It is known as the “no follow” tag, a small piece of HTML that was introduced to help search engines (especially Google), recognize that a link is not to count towards the popularity of the link in search engine ranking. Google has made it abundantly clear in it will not trust websites that violate the Google Webmaster quality guidelines.
Google has stated following on its Google Webmaster Blog:
Buying or selling that pass PageRank violates our webmaster guidelines.
The issue at hand now is not specifically about paid links, but about blog posts that are paid for. The issue has now been brought to the forefront once again as a new report by Forrester Research. In the report, Forrester makes a case that marketers should pay bloggers to write about their experience with a brand.
Matt Cutts, the head of Google Web Spam has stated “paid posts should not pass PageRank” and that it has taken measures to against bloggers that have violated the quality guidelines. Cutts goes on to say that “Those blogs are not trusted in Google’s algorithm any more.”
The argument that Google makes is that paid posts should not influence ranking. If a markter pays for a post in a blog, the links in that post must be “no follow” and not pass PageRank.
Forrester’s Sean Corcoran, the author of the report that has sparked this debate has said “… bloggers want to get paid for their time and this practice isn’t really that new, it just needs to be done the right way.”
The question at hand is: What is the right way?
As Corcoran states on the Forrester Research Blog for Interactive Marketing Professionals:
The two most important conditions that marketers must follow when using sponsored conversation are 1) sponsorship transparency and 2) blogger authenticity. Sponsorship transparency means that both the marketer and the blogger must make it absolutely clear to the reader community that they are reading paid content – think of Google Adwords “Sponsored Links.” Blogger authenticity means that the blogger should have complete freedom to write in their own voice – even if the content they write about the brand is negative.
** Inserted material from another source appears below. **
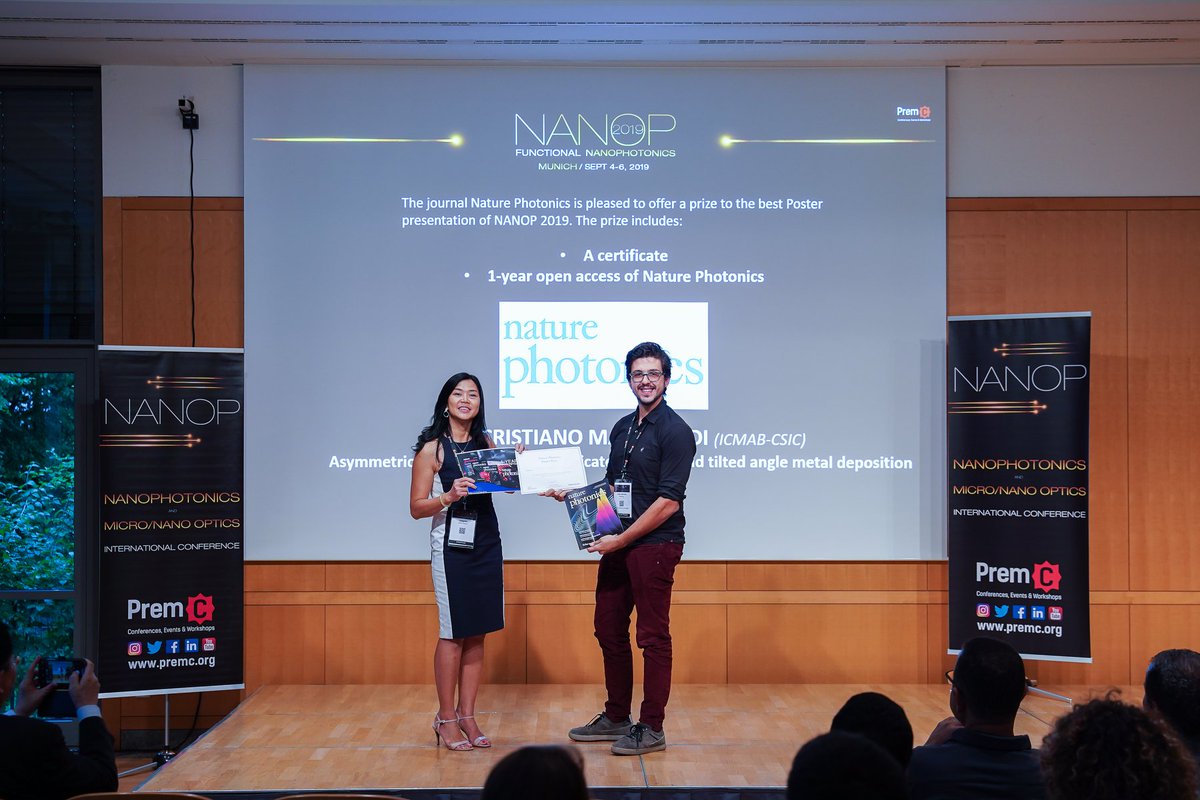 Rachel Won (@rachelpcwon) on Twitter photo Many congratulations to the awardees of <a href="/NatureNano/">Nature Nanotechnology</a> and <a href="/NaturePhotonics/">Nature Photonics</a> Best Poster Prizes, Pengfei Zhan from Max Planck Institute for Intelligent Systems and Cristiano Matricardi @Cris_Mtr21 <a href="/Enlightment_BCN/">Photonic Materials ICMAB</a> #icmabmoves <a href="/icmabCSIC/">icmabCSIC</a>, at <a href="/nanop_photonics/">NANOP 2025</a> #NANOP2019 Munich 👏 Many congratulations to the awardees of <a href="/NatureNano/">Nature Nanotechnology</a> and <a href="/NaturePhotonics/">Nature Photonics</a> Best Poster Prizes, Pengfei Zhan from Max Planck Institute for Intelligent Systems and Cristiano Matricardi @Cris_Mtr21 <a href="/Enlightment_BCN/">Photonic Materials ICMAB</a> #icmabmoves <a href="/icmabCSIC/">icmabCSIC</a>, at <a href="/nanop_photonics/">NANOP 2025</a> #NANOP2019 Munich 👏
There’s no denying that there has to be a balance reached. Google has consistently applied its quality guidelines regardless of the size of website shown to have violated them. In doing so, it is protecting the integrity of its search index in an attempt to improve the overall user experience for those people using Google, and ultimately finding the correct information through search.
In keeping with what Forrester’s Corcoran has stated about “sponsorship transparency” regarding a paid blog post, he should see no problems in using the “no follow” attribute tag.
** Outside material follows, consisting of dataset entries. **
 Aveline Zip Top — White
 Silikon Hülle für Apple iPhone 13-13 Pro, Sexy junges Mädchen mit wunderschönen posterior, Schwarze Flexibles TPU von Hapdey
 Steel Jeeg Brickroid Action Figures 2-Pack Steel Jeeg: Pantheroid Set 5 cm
Product endorsements are a reality.
Marketers capitalize on the power of celebrity to sell the wares of their clients. Sponsored conversions are just that. These are product endorsements. Readers of blogs should be permitted the opportunity to determine if they will or will not trust the opinion of the blooger. As Corcoran so aptly indicates “blogger authenticity” will play a role in the success or failure of the sponsored post. As long as the sponsored post is transparent and the links follow Google’s established guidelines, there should be no problem.
Google is not saying that these posts are not appropriate. It is merely stating that the sponsored post or paid blog post follow the same guidelines established and enforced for all webmasters. In making its assertion that links contained in sponsored posts should be “no follow”, Google has clarified its position and has to be respected.
Marketers may not agree with this assertion, but it had better follow the guidelines of face the consequences. Google is a business, has built the largest playing field in town, and has clearly established the rules that it wants followed. It has every right to do so and has to be respected for doing so.
Some will argue that Google is using its dominance in the search world to influence and coerce bloggers into conforming to its standards. However, I don’t see it that way. Bloggers are still free to offer sponsored posts and know the rules in play. It doesn’t get much more simple than that.
For the record … no animal was harmed in the writing of this blog post and this is not a sponsored or paid blog post.